Most applications these days use sysctlbyname(), but some still use sysctl()
for a few reasons:
- legacy/BSD-portable code
- performance (sysctlbyname requires multiple system calls)
- per-resource sysctl trees (e.g., CTL_KERN.KERN_PROC.KERN_PROC_PID)
To make libcap_sysctl a better drop-in replacement for the
non-capsicumized functions, I added cap_sysctl(3) and cap_sysctlnametomib().
I also revised the limit interface to accommodate the new interfaces, and to
avoid direct manipulation of nvlists.
cap_sysctl(3) and cap_sysctlnametomib(3) are subject to the same limits as
named sysctls. Limits can be specified by name or by MIB. When a limit is
specified by name, we automatically resolve the name to a MIB and update
the limit. This is made somewhat awkward by the fact that the "limits" nvlist
in the service command handler is const; that is, we cannot modify the service
limits in the sysctlnametomib command handler.
The old code used a very simple format for limit nvlists: the sysctl name was a key
and the allowed operations was stored as a number value. Obviously this doesn't
work for MIBs, so I extended the nvlist format somewhat. Now, the set of limits is
an nvlist of nvlists. Each sub-nvlist contains one or both of "name" and "mib", and
also contains the allowed operations ("operation"). See the updated man page for
the new limit interface.
While testing I found that cap_sysctl is much slower than direct system calls.

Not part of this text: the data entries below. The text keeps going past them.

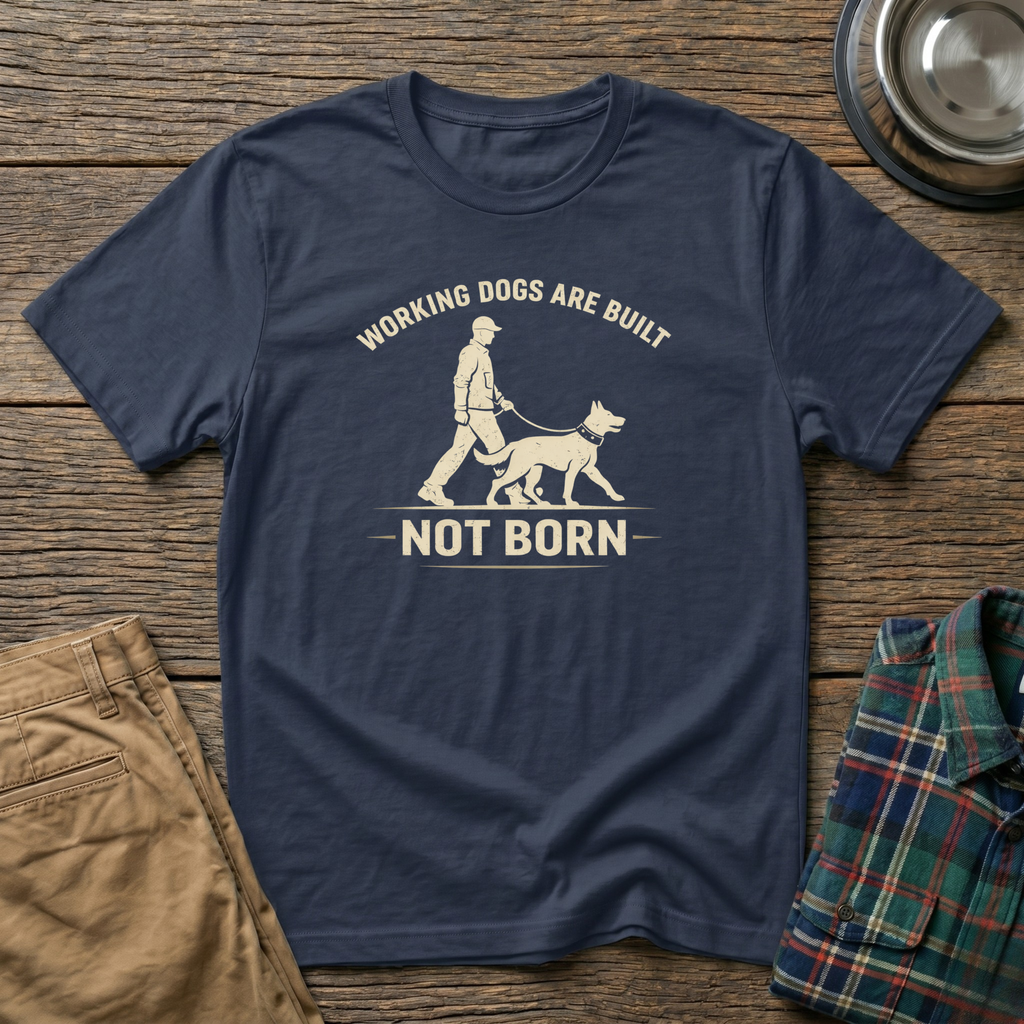 Built Not Born T-Shirt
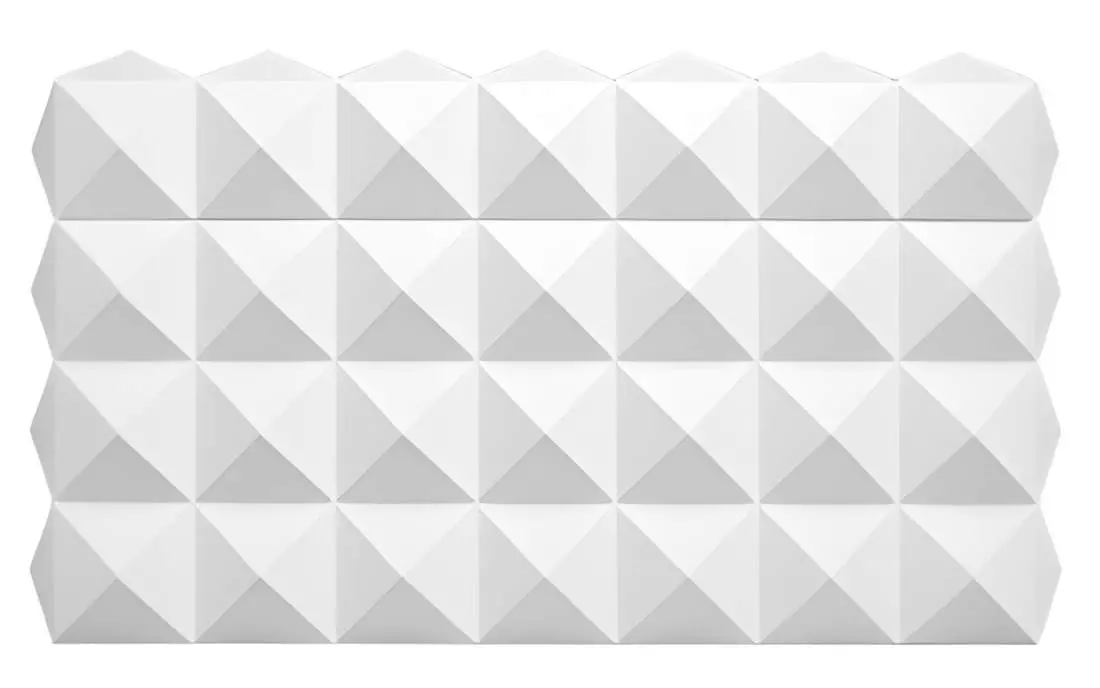 Produktbild: Colibri Humidor Grand Quasar weiß vorne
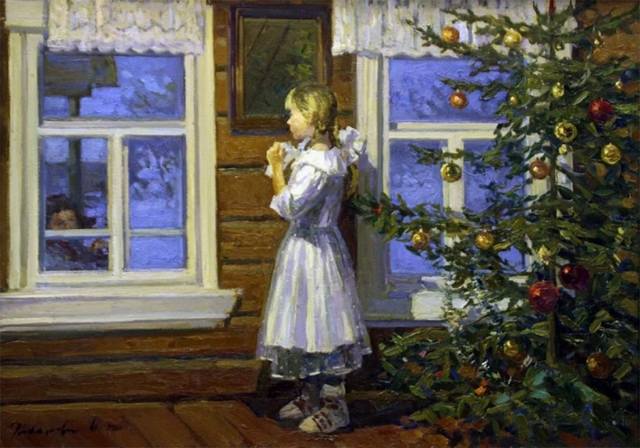 Ирина Владимировна Рыбакова «Новый год» 2011 Ирина Владимировна Рыбакова «Новый год» 2011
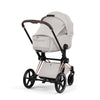Cybex Priam Style Foldable Carry Cot City Grey/light grey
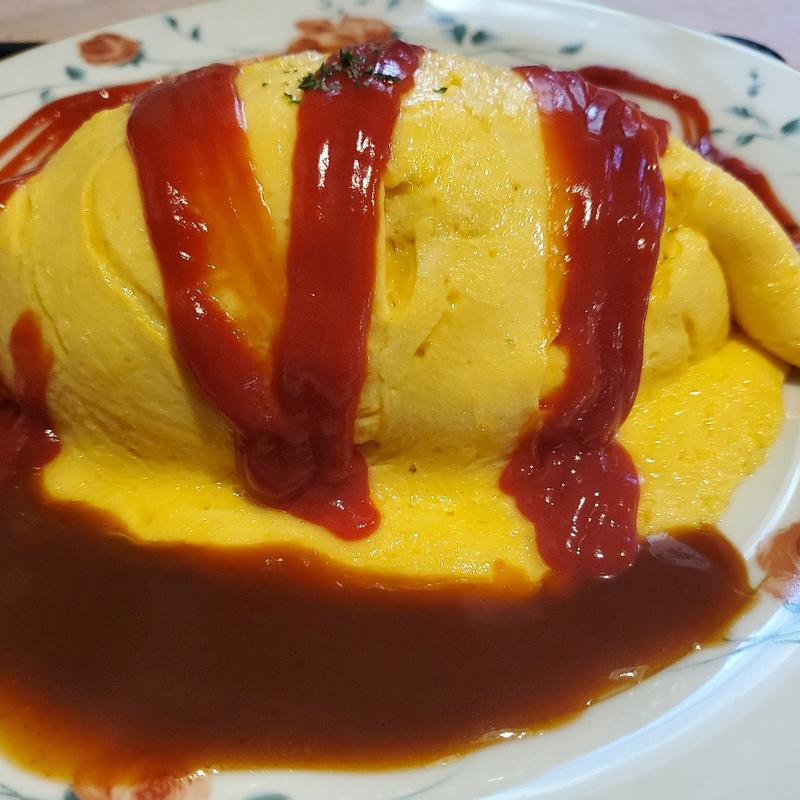 オムライス(まつのや )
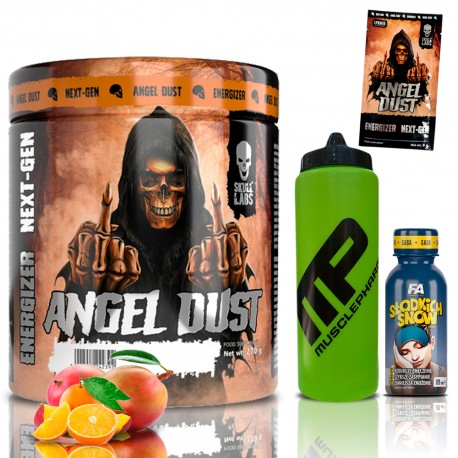 Skull Labs Angel Dust - 270g orange mango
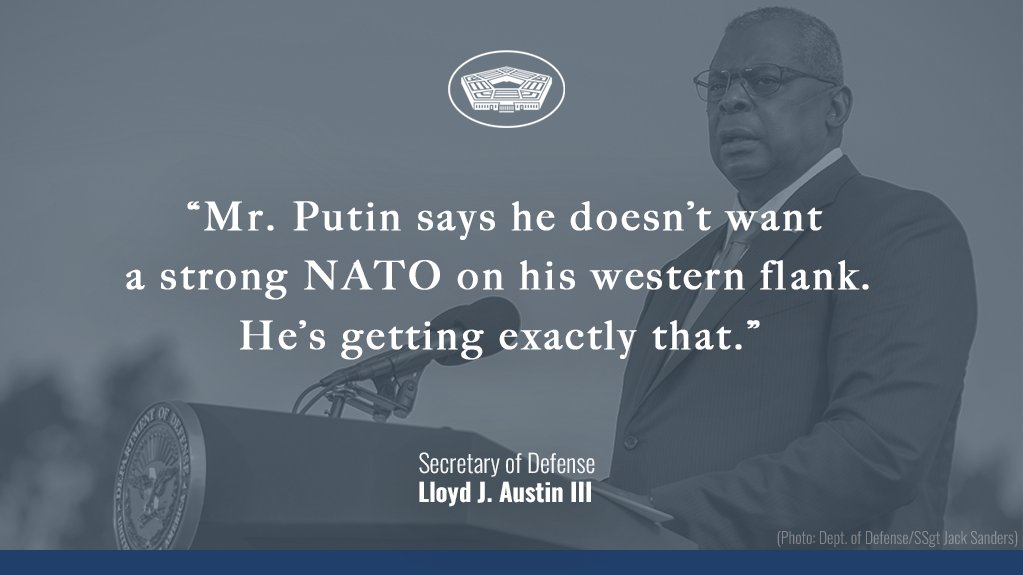 Department of Defense 🇺🇸 on Twitter:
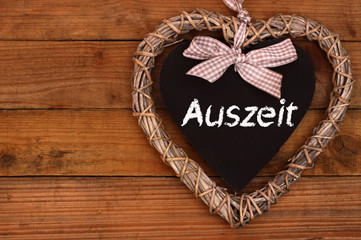 Auszeit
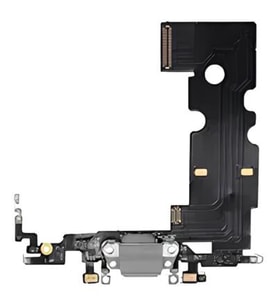 iPhone SE 2020 Şarj Soketi Kulaklık Soketi Full SİYAH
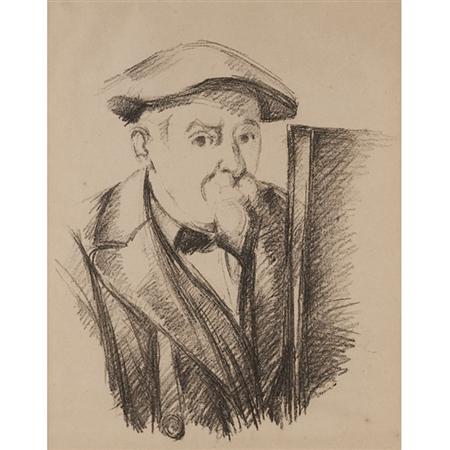 Paul Cezanne PORTRAIT DE CEZANNE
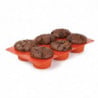 Siliconen Muffinvorm 6 Stuks Formaflex - Pavoni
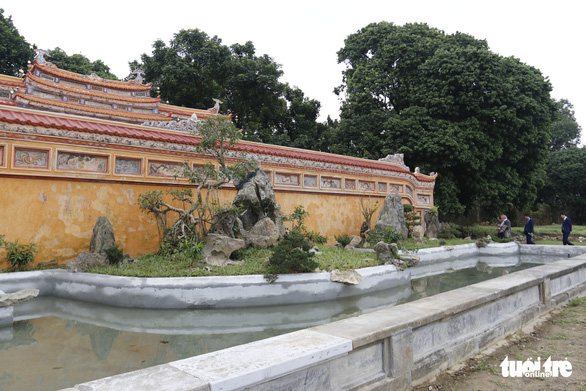 Landscape miniatures are seen at the Phung Tien temple in Thua Thien-Hue Province, central Vietnam, January 7, 2019. Photo: Tuoi Tre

A loop which just reads a sysctl shows a 15x increase in runtime. This overhead
is a combination of IPC overhead, nvlist construction, and nvlist serialization; I
did not test with any limits set, but that would have made it worse. I
suspect that the only true solution is to provide a "sysctlfd" abstraction which
allows applications to reference subtrees of the sysctl tree. However, cap_sysctl
is still useful for sandboxing existing applications without requiring non-trivial changes.